Sin embargo, cada vez brilla con más claridad una interpretación basada en un doble factor más bien centrado en resacas bismarckianas. El primero aludiría a las decisiones coloniales tomadas en la Conferencia de Berlín de 1885, cuando Europa se repartió África y configuró un nuevo orden de poder en el planeta. El segundo incidiría en el cambio de las relaciones entre las potencias del Viejo Mundo y la defenestración inducida del canciller de Hierro a manos del káiser Guillermo II en 1890.
A partir de ese instante se lanza el pistoletazo de salida para elaborar nuevas alianzas ante el fin del sueño bismarckiano de un bloque compacto, con la salvedad inglesa, para arrinconar a Francia. Esta consiguió un gran logro mediante su acuerdo con Rusia en 1894, año crucial para el otrora país de los zares por la ascensión al trono de Nicolás II, el último Romanov coronado y símbolo de esperanza desde su juventud, como si así caminara acompasado con la modernización de su vasto territorio, quinta potencia mundial precaria en cuanto a la industrialización y la construcción de las imprescindibles vías férreas.
Según el historiador Sean Meekin, la leyenda negra de una Rusia subdesarrollada en 1900 debería evitarse desde la coherencia de los datos. Su economía avanzaba a paso de gigante, con un crecimiento anual superior al 10%, situándose en el cuarto lugar mundial en la producción neta de carbón, hierro y acero. Además, la extensión de su Imperio apabullaba, calculándose un crecimiento diario de unos 140 kilómetros cuadrados al día, en especial hacia el oeste, sur y suroeste, vetándose a esta expansión el Occidente más cercano a Europa, entre otras cosas por el dominio británico, nada dispuesto a encontrar un nuevo problema en el mapa geoestratégico.
El Reino Unido había establecido una cooperación económico-militar, suscrita en Londres el 30 de enero de 1902, con Japón, el mayor ejemplo de nuevo actor en el panorama internacional desde su entrada en la modernidad con la reforma Meiji de 1867, cuando el país del sol naciente ingresó en la contemporaneidad e intentó reforzar sus idiosincrasias hilvanándolas con la imitación de varios modelos occidentales.
Dos ejércitos dispares
Si la guerra ruso-nipona no devino mundial se debió a que el escenario no era en absoluto propicio para Francia y el Imperio Británico, respectivos bastones de Rusia y Japón.

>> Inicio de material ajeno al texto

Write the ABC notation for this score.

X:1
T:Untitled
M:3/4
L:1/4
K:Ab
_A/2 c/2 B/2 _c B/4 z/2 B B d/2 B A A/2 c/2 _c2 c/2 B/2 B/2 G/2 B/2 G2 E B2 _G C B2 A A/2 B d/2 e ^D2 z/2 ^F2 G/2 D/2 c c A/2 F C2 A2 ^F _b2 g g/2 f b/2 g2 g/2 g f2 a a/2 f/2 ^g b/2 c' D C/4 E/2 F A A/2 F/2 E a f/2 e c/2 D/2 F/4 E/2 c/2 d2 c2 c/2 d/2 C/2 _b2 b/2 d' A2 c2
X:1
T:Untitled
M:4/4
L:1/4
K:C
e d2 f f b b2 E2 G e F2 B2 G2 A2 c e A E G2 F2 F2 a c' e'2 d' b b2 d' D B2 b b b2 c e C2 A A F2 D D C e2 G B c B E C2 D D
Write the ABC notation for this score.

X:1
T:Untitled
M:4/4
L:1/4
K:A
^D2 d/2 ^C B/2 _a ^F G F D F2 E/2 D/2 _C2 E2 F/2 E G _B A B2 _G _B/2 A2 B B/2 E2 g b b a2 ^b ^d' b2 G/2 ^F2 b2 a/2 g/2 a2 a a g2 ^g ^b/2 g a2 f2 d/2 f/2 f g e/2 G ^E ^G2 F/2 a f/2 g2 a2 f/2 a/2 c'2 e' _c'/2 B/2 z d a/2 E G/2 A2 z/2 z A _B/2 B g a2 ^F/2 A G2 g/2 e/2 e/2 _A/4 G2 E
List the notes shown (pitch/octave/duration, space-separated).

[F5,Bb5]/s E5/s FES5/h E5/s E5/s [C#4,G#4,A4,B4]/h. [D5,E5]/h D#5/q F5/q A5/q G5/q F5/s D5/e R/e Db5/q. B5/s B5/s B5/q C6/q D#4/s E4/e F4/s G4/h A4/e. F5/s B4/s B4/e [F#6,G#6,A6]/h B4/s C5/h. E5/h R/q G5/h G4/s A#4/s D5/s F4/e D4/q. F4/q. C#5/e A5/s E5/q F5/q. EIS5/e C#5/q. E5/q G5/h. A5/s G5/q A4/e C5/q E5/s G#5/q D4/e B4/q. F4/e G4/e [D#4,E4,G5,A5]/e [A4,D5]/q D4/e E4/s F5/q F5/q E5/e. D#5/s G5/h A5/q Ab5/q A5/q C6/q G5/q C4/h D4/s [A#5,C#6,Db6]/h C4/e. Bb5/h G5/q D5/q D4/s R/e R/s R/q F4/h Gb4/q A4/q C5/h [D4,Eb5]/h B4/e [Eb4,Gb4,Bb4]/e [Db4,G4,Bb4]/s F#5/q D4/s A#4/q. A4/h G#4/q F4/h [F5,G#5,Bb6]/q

El ejército de la primera reproducía casi al dedillo la inmensa estratificación social de la población, donde de poco o nada había servido desde esa perspectiva la abolición de la servidumbre en 1860. Las tropas rasas se formaban por campesinos sin educación, mal entrenados y dotados de material precario, mientras la cúpula y los mandos correspondían a la aristocracia por derecho de nacimiento.
Si la guerra ruso-nipona no devino en mundial, se debió a que el escenario no era en absoluto propicio para Francia y el Imperio Británico
En cambio, la perspectiva japonesa era bien distinta, valiéndose de las fuerzas armadas como motor para fomentar el nacionalismo desde la conservación de valores primigenios de la patria y catapultar el alfabetismo de los soldados, limándose las diferencias entre esta y la oficialidad para convertir a todos esos hombres uniformados en un pilar central de la política nipona, vigente hasta la rendición de 1945.

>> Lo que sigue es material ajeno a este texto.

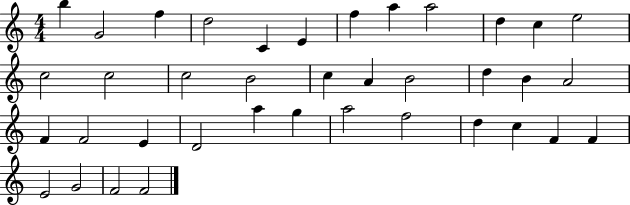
X:1
T:Untitled
M:4/4
L:1/4
K:C
b G2 f d2 C E f a a2 d c e2 c2 c2 c2 B2 c A B2 d B A2 F F2 E D2 a g a2 f2 d c F F E2 G2 F2 F2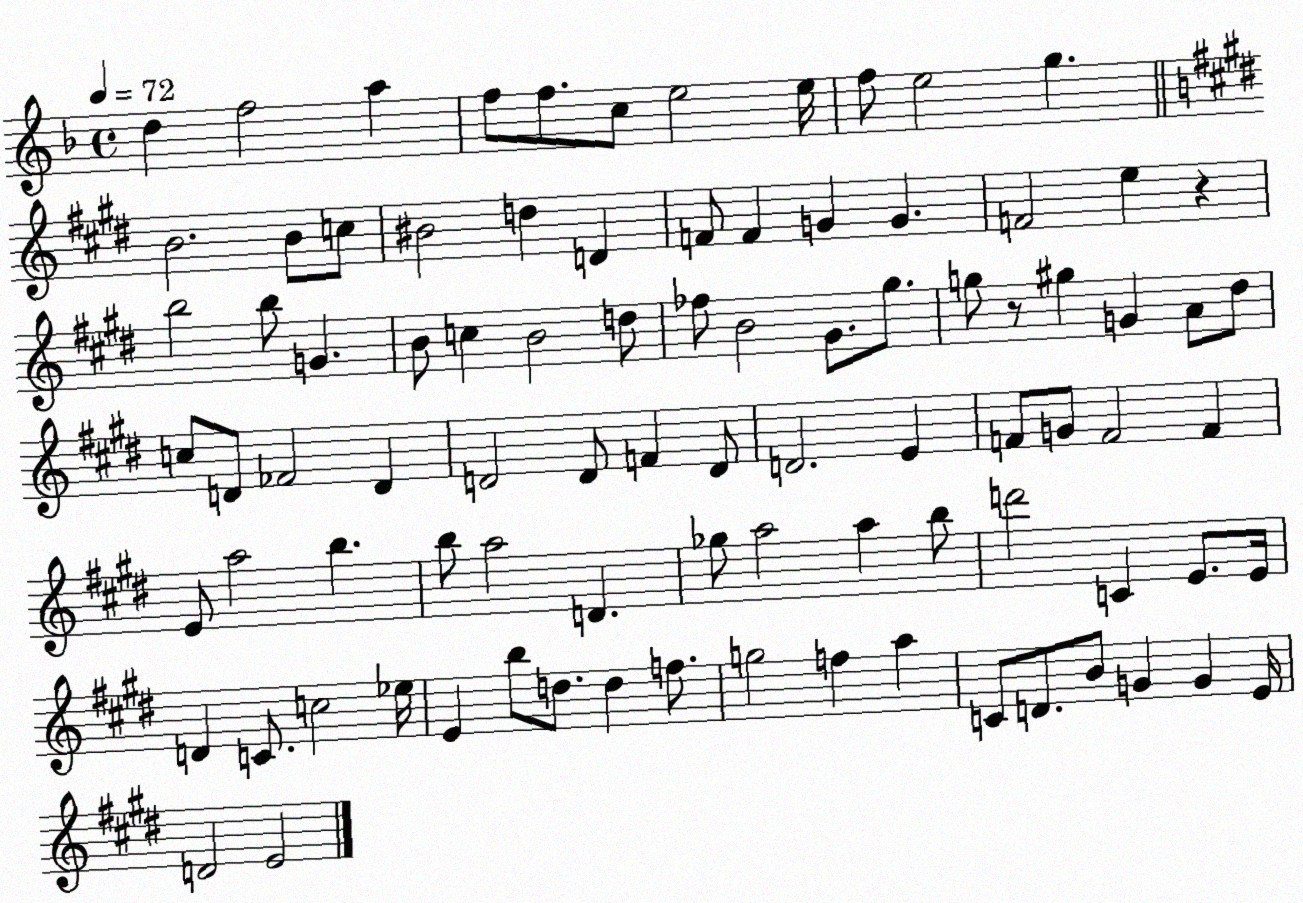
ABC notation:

X:1
T:Untitled
M:4/4
L:1/4
K:F
d f2 a f/2 f/2 c/2 e2 e/4 f/2 e2 g B2 B/2 c/2 ^B2 d D F/2 F G G F2 e z b2 b/2 G B/2 c B2 d/2 _f/2 B2 ^G/2 ^g/2 g/2 z/2 ^g G A/2 ^d/2 c/2 D/2 _F2 D D2 D/2 F D/2 D2 E F/2 G/2 F2 F E/2 a2 b b/2 a2 D _g/2 a2 a b/2 d'2 C E/2 E/4 D C/2 c2 _e/4 E b/2 d/2 d f/2 g2 f a C/2 D/2 B/2 G G E/4 D2 E2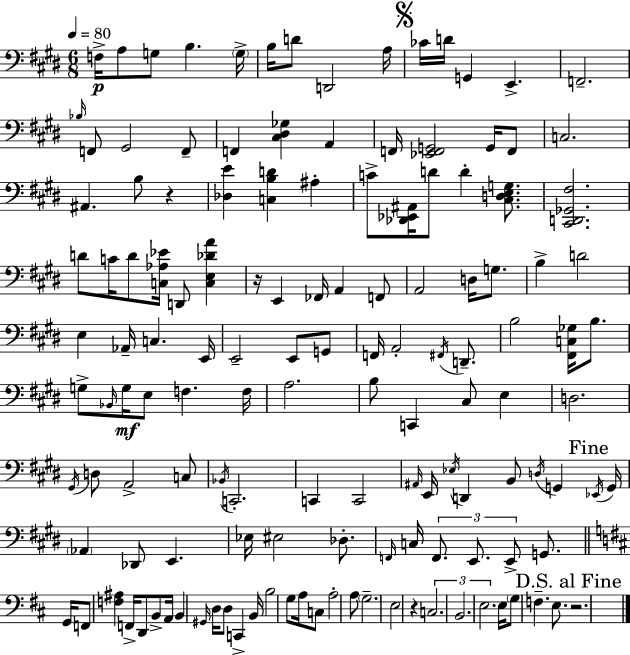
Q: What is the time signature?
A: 6/8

Los rusos podían disponer de un contingente fijo de un millón de hombres, cifra imponente y relativa al concentrarse su grueso en el límite occidental del Imperio, perjudicándose sus fronteras orientales, asimismo una barrera por la complicación en el desplazamiento de unidades hacia esas latitudes, entre otras cosas por su ancho de vía, concebido para bloquear el uso del ferrocarril si alguien osaba invadirlos.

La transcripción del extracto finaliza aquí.